What Milestone C evaluates

Milestone C is the proof step.

It answers whether Selector v1 improves the token-value tradeoff enough to justify promotion.

Milestone C adds:

  • offline evaluation on the selector_v1 suite
  • same-run comparison against selector_v0, heuristic, and fixed-profile baselines
  • per-category holdout-style reporting
  • feature-family ablations
  • target-component ablations
  • promotion gating
  • runtime selector_v1, hybrid, and shadow modes
  • selector telemetry with support, backoff, visibility, and fallback details

Conditions compared

Main offline evaluation compares:

  • heuristic
  • selector_v0
  • selector_v1
  • none
  • minimal
  • compact
  • constraints_open_failures

Promotion uses the same-run selector_v0 condition on the selector_v1 suite as the gate baseline. The historical selector-v0-publish report remains reference-only.

Runtime modes

Runtime accepts:

  • heuristic
  • empirical
  • selector_v0
  • selector_v1
  • hybrid
  • shadow

heuristic remains the default.

Shadow mode

Shadow mode keeps the heuristic model-visible context unchanged.

Selector v1 still scores optional candidates, and the telemetry/receipt records:

  • selector scores
  • support counts
  • backoff levels
  • visibility actions
  • heuristic vs selector vs final decisions

Shadow mode is the safe place to inspect selector-v1 behavior before rollout.

Hybrid mode

Hybrid mode preserves hard invariants and heuristic-required records first.

Selector v1 scores optional candidates, but low-support cases fall back to the heuristic decision.

Hybrid mode is intended for controlled experiments, not default rollout.

Promotion gates

Promotion requires:

  • composite(selector_v1) >= composite(selector_v0) - tolerance
  • token reduction vs same-run selector_v0
  • no regression in constraint recall
  • no regression in open-failure recall
  • no regression in quarantine correctness
  • no regression in resolved-failure handling
  • no increase in forbidden actionable phrase rate
  • zero raw-quarantined model-visible leaks
  • zero resolved-failure-active violations
  • passing family-split validation
  • passing target-quality validation
  • no severe per-category regression

Promotion is reversible. Selector v1 is not made default automatically.

Safety invariants

All selector modes preserve these hard invariants:

  • raw quarantined text is never model-visible
  • hard user constraints remain eligible
  • resolved failures are not shown as active work
  • tool output is not promoted to instruction
  • token budget is still enforced

Learned selector scores never override these rules.
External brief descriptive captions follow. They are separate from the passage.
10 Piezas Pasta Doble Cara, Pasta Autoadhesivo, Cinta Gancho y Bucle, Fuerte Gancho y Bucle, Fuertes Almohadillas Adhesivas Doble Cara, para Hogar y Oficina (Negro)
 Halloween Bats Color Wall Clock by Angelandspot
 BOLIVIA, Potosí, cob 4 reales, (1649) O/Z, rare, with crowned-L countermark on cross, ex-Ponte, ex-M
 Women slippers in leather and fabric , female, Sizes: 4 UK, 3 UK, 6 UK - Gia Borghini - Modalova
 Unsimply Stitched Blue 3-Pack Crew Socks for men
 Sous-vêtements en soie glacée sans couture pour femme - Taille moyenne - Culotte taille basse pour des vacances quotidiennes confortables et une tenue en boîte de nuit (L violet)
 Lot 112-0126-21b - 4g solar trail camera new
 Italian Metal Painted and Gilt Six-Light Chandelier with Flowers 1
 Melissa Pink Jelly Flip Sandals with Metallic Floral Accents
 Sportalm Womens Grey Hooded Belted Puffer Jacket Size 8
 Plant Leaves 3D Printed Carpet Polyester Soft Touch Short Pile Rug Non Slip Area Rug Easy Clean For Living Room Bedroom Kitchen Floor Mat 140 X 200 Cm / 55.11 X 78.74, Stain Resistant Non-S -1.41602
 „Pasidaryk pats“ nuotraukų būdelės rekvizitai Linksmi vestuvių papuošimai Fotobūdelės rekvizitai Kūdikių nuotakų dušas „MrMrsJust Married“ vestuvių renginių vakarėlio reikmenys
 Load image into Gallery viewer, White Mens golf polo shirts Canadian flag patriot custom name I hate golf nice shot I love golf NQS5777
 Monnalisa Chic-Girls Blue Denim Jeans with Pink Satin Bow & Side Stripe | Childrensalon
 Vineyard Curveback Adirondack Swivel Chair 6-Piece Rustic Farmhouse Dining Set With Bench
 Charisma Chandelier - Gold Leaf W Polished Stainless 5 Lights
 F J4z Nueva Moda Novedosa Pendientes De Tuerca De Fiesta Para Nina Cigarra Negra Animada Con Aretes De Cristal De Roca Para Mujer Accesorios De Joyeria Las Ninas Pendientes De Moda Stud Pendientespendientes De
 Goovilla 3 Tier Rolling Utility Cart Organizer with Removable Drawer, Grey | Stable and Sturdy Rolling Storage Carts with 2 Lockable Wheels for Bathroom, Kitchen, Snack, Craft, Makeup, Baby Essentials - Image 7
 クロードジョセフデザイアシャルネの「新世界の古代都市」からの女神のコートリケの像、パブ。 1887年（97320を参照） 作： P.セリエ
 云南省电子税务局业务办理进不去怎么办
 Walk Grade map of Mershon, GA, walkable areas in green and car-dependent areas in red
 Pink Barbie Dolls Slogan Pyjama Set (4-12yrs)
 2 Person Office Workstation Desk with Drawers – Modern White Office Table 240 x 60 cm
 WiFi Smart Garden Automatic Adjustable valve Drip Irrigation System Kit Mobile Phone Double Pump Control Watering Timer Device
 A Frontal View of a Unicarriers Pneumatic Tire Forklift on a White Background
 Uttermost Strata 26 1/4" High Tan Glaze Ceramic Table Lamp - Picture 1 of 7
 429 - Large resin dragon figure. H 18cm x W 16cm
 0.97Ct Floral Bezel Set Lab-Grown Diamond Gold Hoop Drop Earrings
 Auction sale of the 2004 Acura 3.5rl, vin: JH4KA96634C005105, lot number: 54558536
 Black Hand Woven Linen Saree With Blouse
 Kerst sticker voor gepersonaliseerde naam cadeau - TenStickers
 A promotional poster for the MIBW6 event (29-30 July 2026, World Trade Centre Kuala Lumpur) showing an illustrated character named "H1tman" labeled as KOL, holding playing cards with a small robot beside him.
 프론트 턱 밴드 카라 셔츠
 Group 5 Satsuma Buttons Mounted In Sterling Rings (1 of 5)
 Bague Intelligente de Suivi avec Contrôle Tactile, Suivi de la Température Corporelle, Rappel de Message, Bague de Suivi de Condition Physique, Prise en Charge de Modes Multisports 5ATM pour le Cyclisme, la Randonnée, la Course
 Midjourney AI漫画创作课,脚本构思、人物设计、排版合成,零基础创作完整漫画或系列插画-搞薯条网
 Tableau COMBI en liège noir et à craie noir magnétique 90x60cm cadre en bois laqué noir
Feature and target ablations

Milestone C ablations retrain from cached selector-v1 inputs.

Feature-family ablations:

  • relational
  • token_economics
  • redundancy_conflict
  • provenance_trust
  • trajectory_session
  • lexical

support_confidence is reported but skipped as a raw-feature ablation because it is artifact-side metadata, not a base feature family.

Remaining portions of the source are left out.